Ruth Scouller’s review published on Letterboxd:
One of the most claustrophobic films I have ever seen. The air might as well be cotton as it becomes increasingly hard to breathe in this film environment. Yet, this is a prison film where a prison escape would mean very little. Prison can be more than physical confinement, and for young offender turned adult crim Eric, it is about escaping a certain, conditioned way of life, about finding clarity from inside the black hole of a brutal childhood. The escape valve is within, but it needs some outside mentoring help. Ultimately, his father will have to help show him the light, in one way or another.
David Mackenzie seems to have a thing for stripping away and streamlining his humanistic subject matter that touches on conditional habit. This might have a claim to being his finest film to date, and it is certainly one of the most effective films at shaking up the prison genre in sometime. Objectively, this is a 4 star film at worst, however I factor personal enjoyment into my ratings, and ultimately due to the unrelenting darkness and profanity (which borders on parody levels, regardless of realism) explored in the film it fell short of that rating by miniscule proportions. It's much easier to admire and respect this film than to enjoy it, despite its clear compassion for the plight of its characters.

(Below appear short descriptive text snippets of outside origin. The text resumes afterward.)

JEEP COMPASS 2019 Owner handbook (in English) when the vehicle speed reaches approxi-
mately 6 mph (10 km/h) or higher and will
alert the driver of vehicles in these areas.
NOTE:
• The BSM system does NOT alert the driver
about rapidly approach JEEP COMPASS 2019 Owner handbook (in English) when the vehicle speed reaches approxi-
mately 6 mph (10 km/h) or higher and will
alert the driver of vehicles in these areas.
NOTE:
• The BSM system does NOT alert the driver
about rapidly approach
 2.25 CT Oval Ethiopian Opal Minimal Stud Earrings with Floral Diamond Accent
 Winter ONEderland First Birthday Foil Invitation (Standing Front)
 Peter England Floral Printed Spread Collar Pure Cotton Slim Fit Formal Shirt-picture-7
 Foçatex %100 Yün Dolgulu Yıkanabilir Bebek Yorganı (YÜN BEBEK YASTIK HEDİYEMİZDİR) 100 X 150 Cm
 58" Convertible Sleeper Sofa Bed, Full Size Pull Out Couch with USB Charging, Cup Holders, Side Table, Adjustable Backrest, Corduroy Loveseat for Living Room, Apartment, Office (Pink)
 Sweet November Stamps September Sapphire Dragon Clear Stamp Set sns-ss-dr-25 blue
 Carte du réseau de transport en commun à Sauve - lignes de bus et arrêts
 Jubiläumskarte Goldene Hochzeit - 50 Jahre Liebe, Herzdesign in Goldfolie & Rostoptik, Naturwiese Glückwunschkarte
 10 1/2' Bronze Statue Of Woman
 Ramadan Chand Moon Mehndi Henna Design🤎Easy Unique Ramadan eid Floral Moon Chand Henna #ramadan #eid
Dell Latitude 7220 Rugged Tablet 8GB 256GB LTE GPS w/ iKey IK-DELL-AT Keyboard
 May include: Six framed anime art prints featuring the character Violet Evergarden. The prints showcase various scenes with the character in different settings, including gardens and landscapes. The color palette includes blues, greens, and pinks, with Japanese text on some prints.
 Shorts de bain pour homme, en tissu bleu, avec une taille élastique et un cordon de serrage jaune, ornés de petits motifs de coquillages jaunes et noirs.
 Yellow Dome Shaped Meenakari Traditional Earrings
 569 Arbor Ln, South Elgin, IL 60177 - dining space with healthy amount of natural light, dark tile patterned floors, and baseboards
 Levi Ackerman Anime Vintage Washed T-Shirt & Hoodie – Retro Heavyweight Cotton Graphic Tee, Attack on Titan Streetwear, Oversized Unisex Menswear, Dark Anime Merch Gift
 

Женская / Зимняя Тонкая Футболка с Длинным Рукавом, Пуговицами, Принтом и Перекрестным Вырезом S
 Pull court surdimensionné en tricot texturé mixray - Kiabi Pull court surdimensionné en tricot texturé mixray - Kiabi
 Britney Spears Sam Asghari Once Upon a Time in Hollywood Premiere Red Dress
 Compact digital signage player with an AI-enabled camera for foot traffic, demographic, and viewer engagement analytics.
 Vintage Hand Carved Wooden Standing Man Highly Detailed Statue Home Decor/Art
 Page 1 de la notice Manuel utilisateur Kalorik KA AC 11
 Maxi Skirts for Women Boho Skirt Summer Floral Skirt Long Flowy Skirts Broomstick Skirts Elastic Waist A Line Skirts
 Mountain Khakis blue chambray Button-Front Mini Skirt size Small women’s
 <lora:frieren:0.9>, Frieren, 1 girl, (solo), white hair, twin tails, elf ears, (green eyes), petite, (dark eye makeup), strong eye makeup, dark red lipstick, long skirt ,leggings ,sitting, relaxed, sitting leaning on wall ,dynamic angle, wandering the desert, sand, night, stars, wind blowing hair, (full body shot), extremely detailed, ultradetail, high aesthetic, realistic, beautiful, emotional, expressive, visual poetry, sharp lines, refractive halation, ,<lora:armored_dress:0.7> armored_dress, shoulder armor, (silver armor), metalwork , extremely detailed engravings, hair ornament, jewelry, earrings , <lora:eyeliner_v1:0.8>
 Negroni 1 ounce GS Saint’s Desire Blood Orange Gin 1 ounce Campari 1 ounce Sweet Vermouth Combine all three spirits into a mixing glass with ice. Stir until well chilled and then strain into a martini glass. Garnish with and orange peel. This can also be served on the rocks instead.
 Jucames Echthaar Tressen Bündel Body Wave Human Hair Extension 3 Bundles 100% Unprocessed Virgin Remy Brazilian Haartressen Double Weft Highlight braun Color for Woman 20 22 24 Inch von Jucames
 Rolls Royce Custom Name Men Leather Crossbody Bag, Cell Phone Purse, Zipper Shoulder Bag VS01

The acting here is extraordinary, particularly the memorable and incredibly charming star-making performance from Jack O'Connell. His acting choices in this film are incredibly beautiful to behold, and anyone who watches this film will never forget this actor. The same could be said for Rupert Friend, who in many ways almost matches him. As a long time Mendelsohn fan very familiar with his overall filmography, Ben didn't quite blow me away here, but he also delivers a solid performance with some great moments. Mostly though it's a bit like Maggie Smith doing Downton Abbey, it's a bit like putting the kettle on for Ben.
Starred Up has a clear character arc, a somewhat twisted Greek tragedy, but despite some excellent editing, it's a bit of a miserable slog in getting there. It's the raw, uncompromising prison film we had to have, but not a film I particular wish to see again any time soon. Starred Up does not shy away from some of the miserable existences which populate prison life, and it illustrates a thoroughly dehumanising environment for all involved, inmates, staff and viewers alike. Ultimately, this is an inspiring excursion into how much the human condition can tolerate in such a pressurised environment. There are moments of utter despair in this film, which make acts of compassion all the more heroic, even if sometimes doomed to temporary futility.